What this task involves:
Omitting all images, transcribe the listing word for word.

___ Data shown

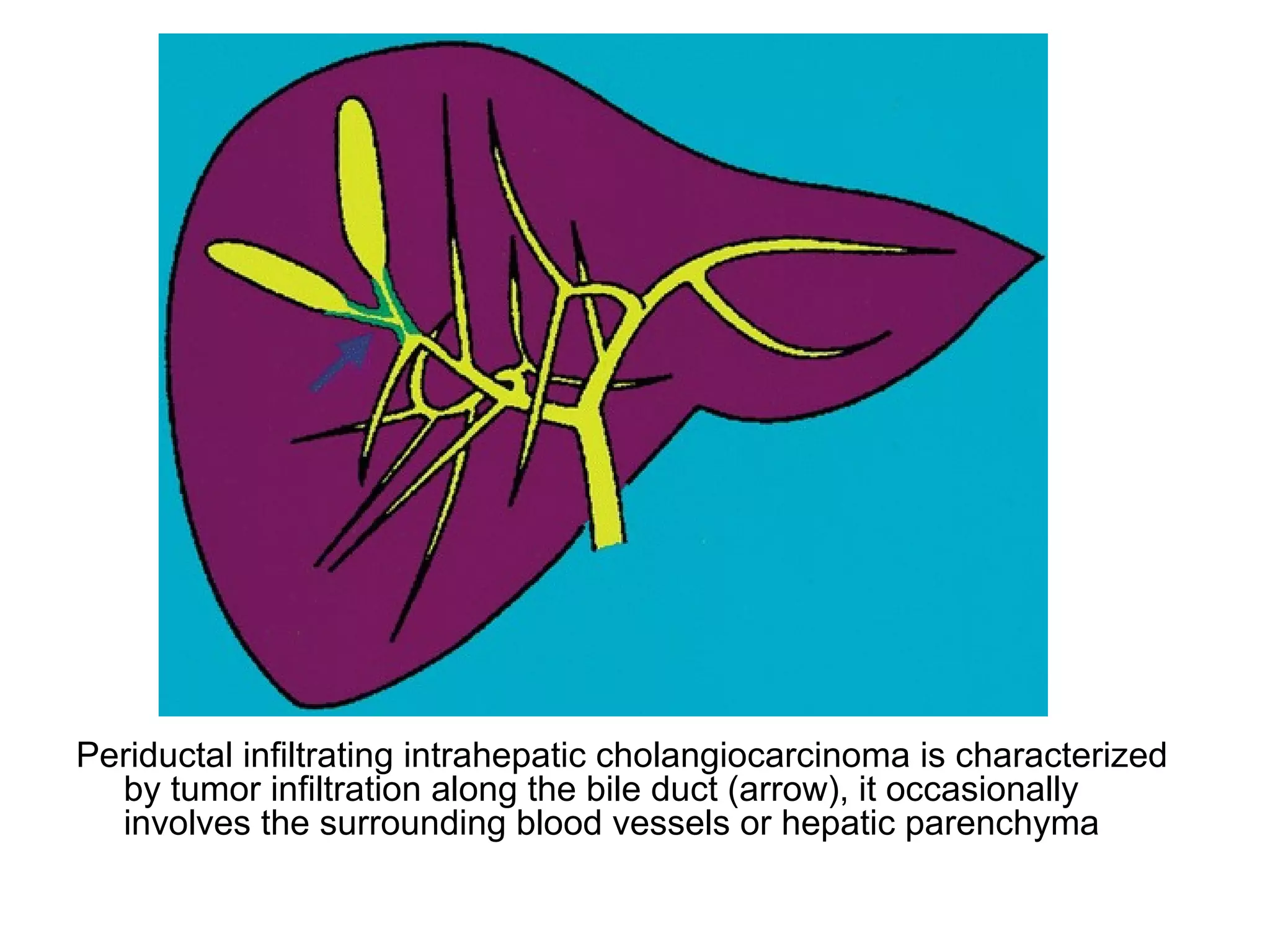 Diagnostic Imaging of Cholangiocarcinoma | PPT | Digestive Disorders ...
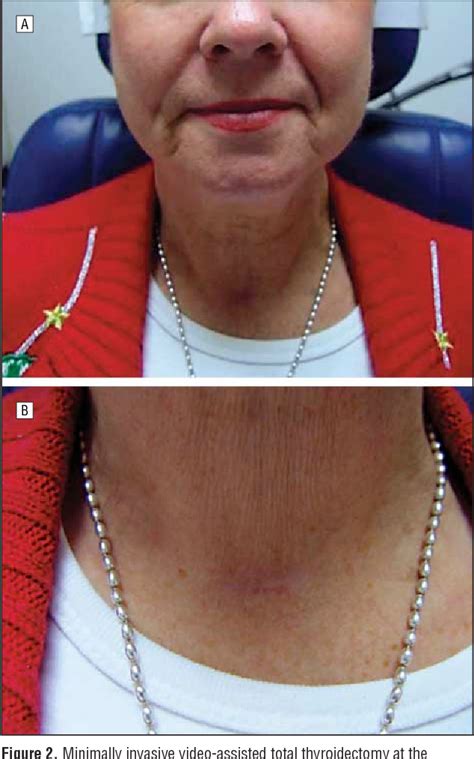 Figure 2 From Minimally Invasive Video Assisted Thyroidectomy A Multi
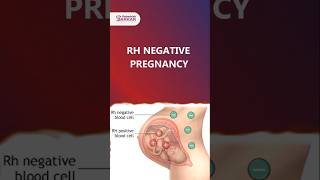 RH Negative Pregnancy  Dr Debashish Sarkar drdebashishsarkar sarkarhospital rhnegativepregnancy [upl. by Zurciram]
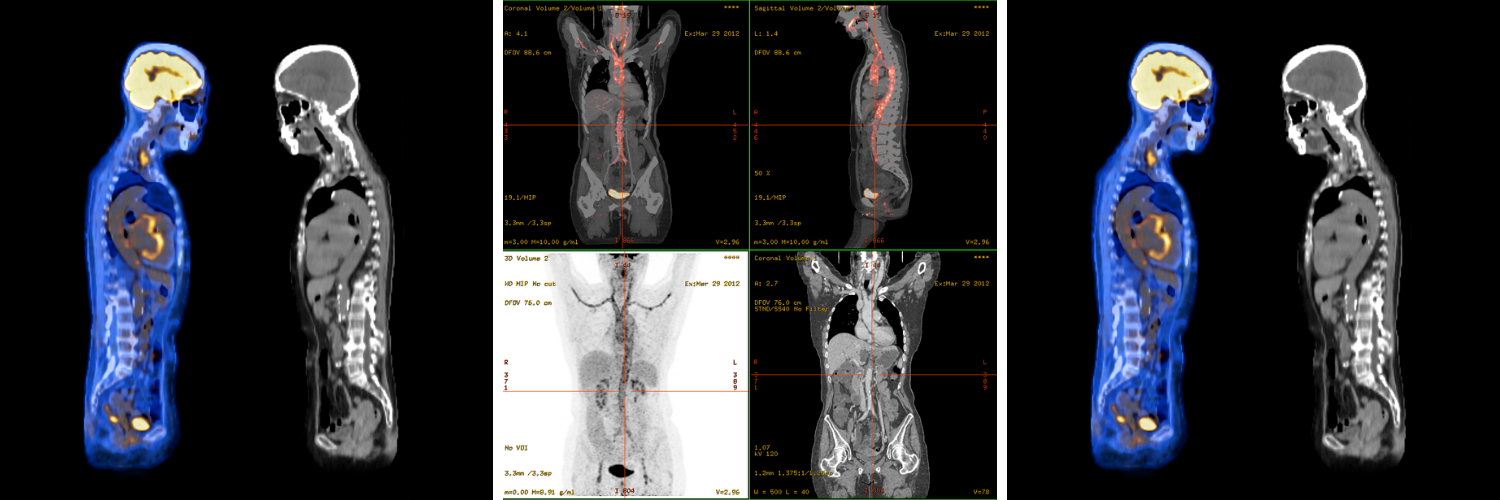 CT/PET Images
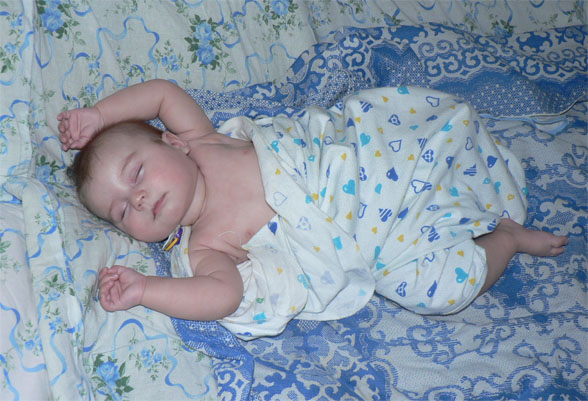 Без задних ног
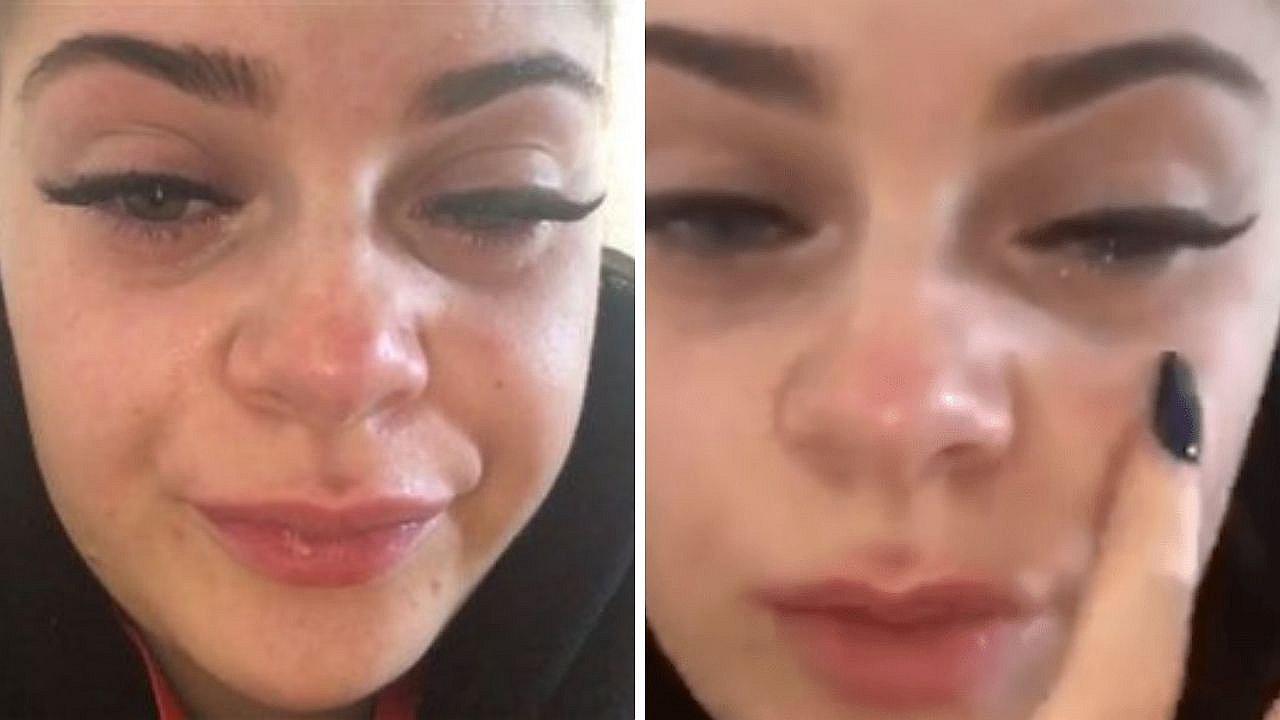 Joven queda con ceguera temporal luego que le colocaran pestañas postizas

______

Problem solution:
 Diagnostic Imaging of Cholangiocarcinoma | PPT | Digestive Disorders ...
 Figure 2 From Minimally Invasive Video Assisted Thyroidectomy A Multi
 RH Negative Pregnancy  Dr Debashish Sarkar drdebashishsarkar sarkarhospital rhnegativepregnancy [upl. by Zurciram]
 CT/PET Images
 Без задних ног
 Joven queda con ceguera temporal luego que le colocaran pestañas postizas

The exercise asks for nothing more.